## Problem:
Output the entries below unchanged, except for the pictures.

Recorded data
○ ○ ○ ○ ○ ○ ○
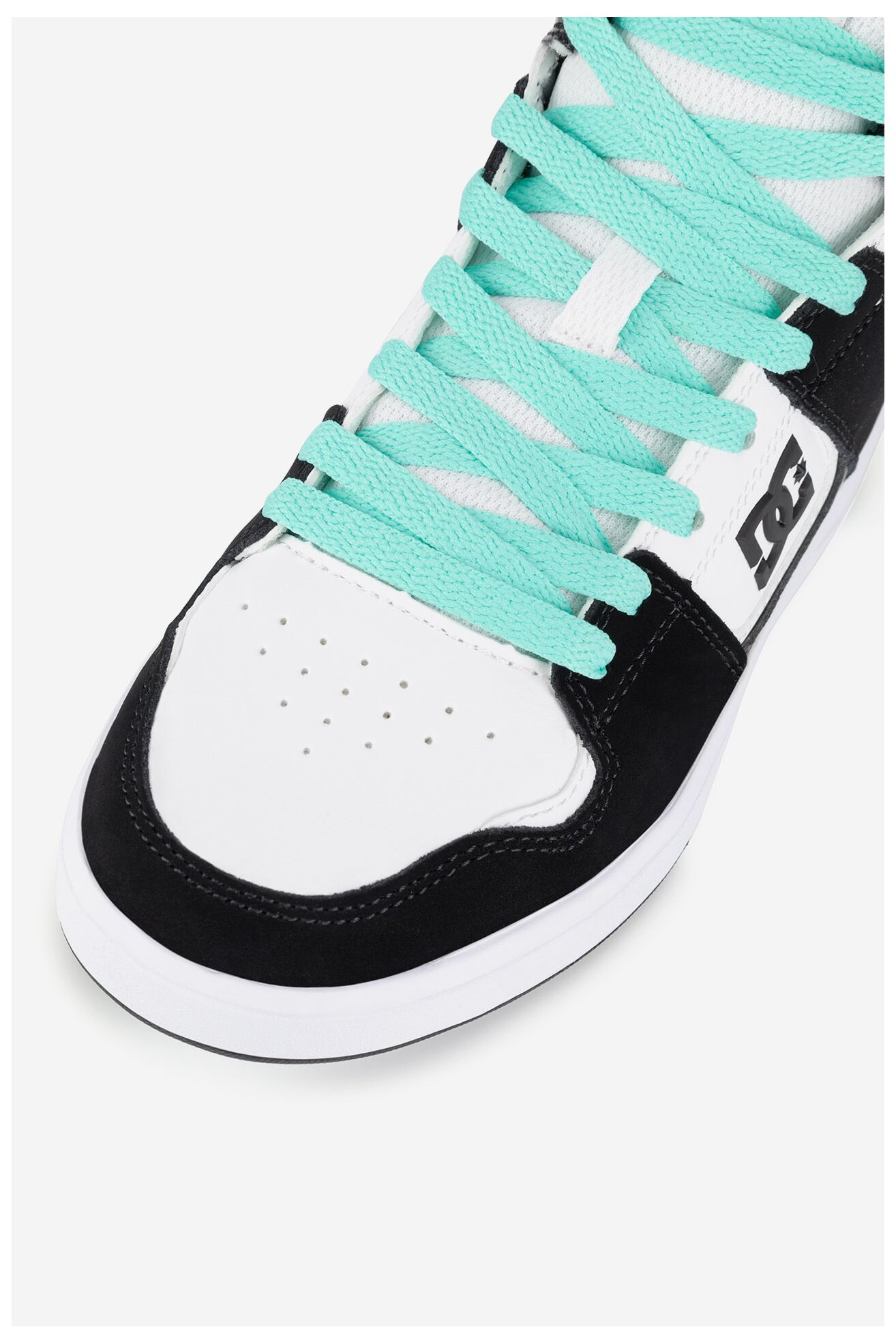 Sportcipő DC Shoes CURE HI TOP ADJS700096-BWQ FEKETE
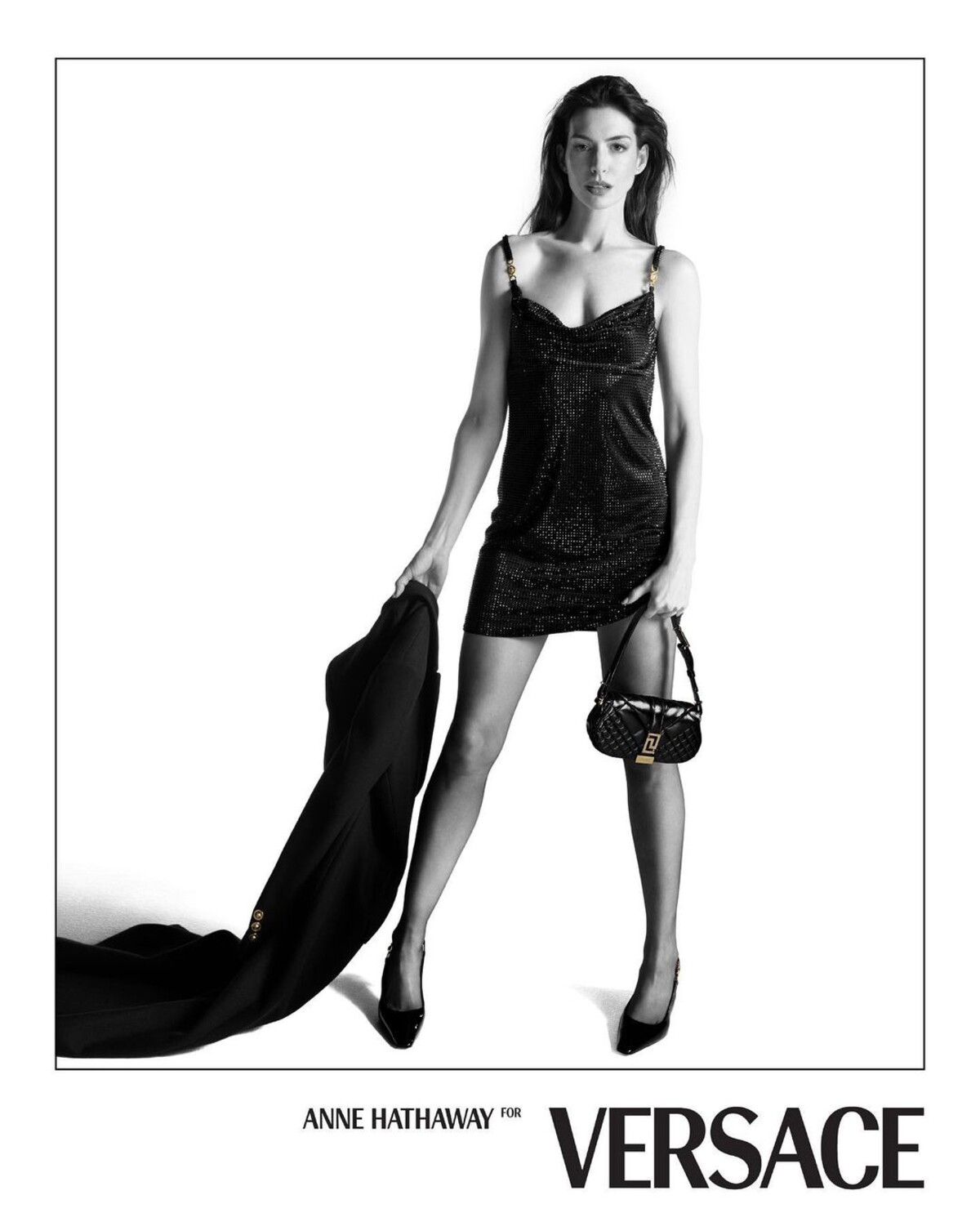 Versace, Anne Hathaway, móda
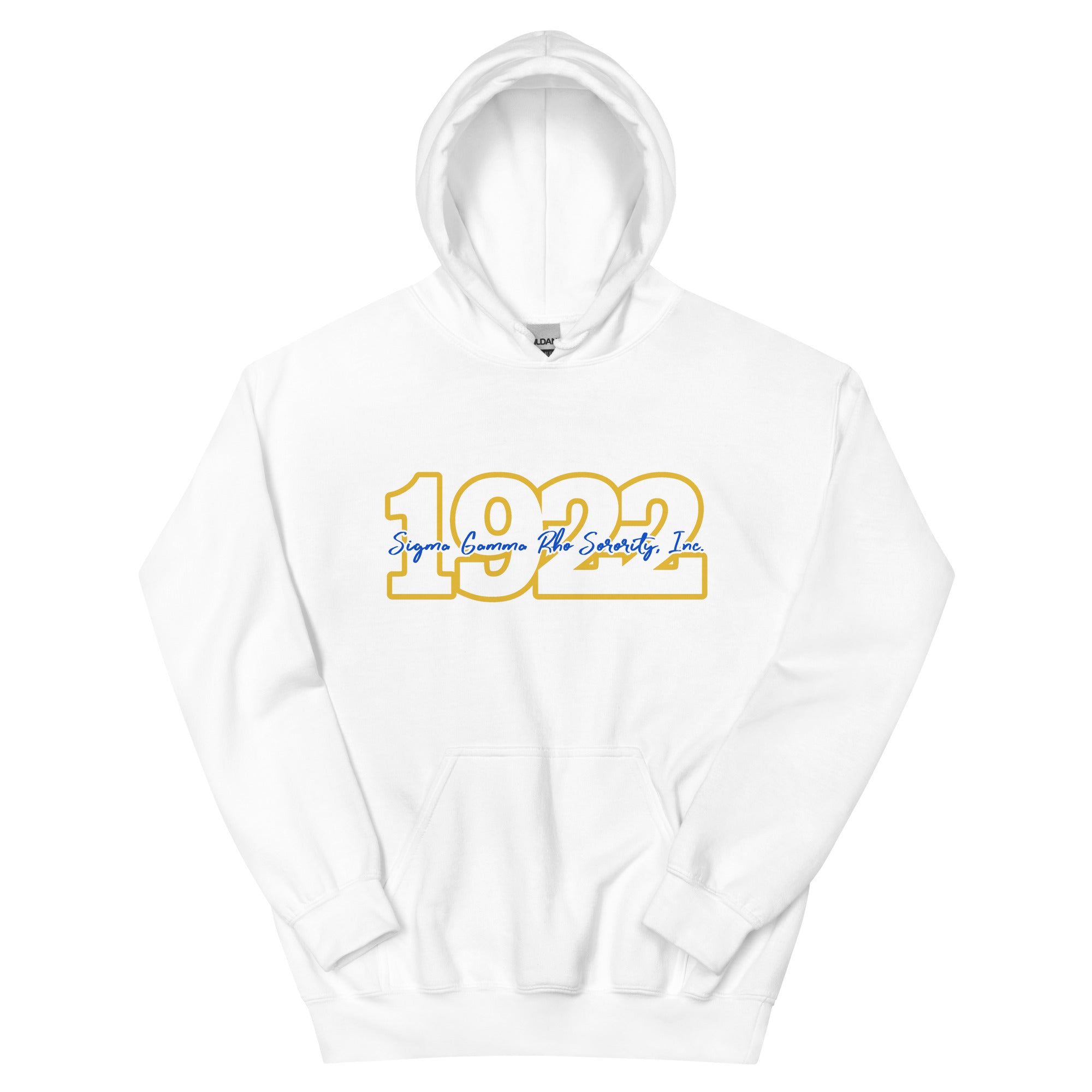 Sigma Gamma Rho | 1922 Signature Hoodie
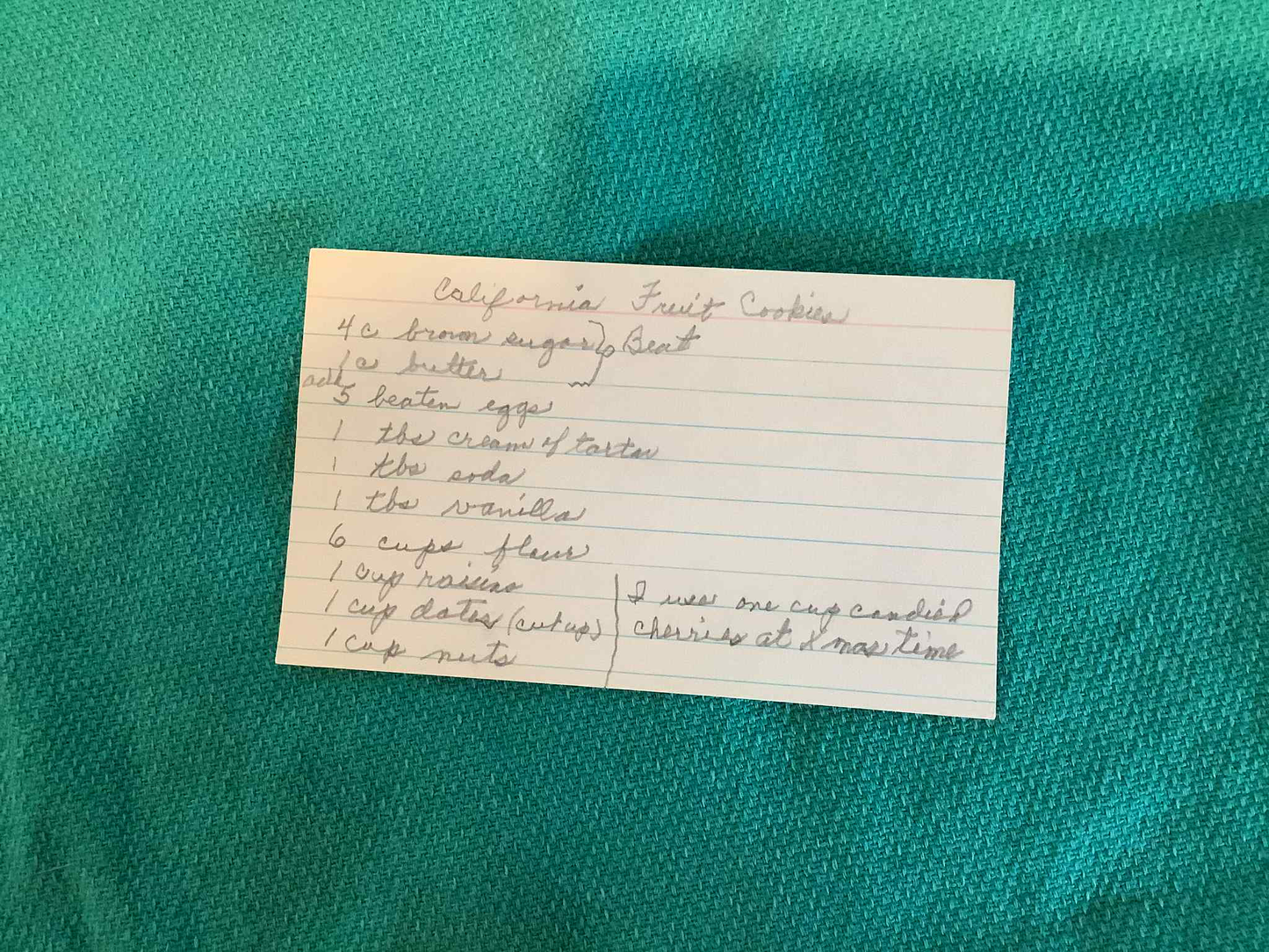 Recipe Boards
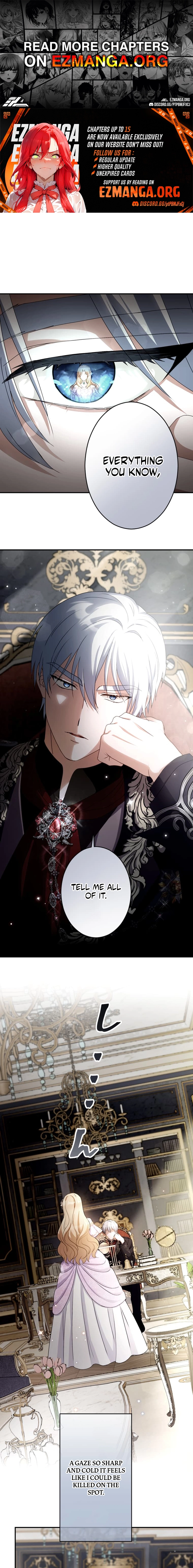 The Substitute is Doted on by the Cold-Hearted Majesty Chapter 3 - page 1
○ ○ ○ ○ ○ ○ ○
## Response below:
 Sportcipő DC Shoes CURE HI TOP ADJS700096-BWQ FEKETE
 Versace, Anne Hathaway, móda
 Sigma Gamma Rho | 1922 Signature Hoodie
 Recipe Boards
 The Substitute is Doted on by the Cold-Hearted Majesty Chapter 3 - page 1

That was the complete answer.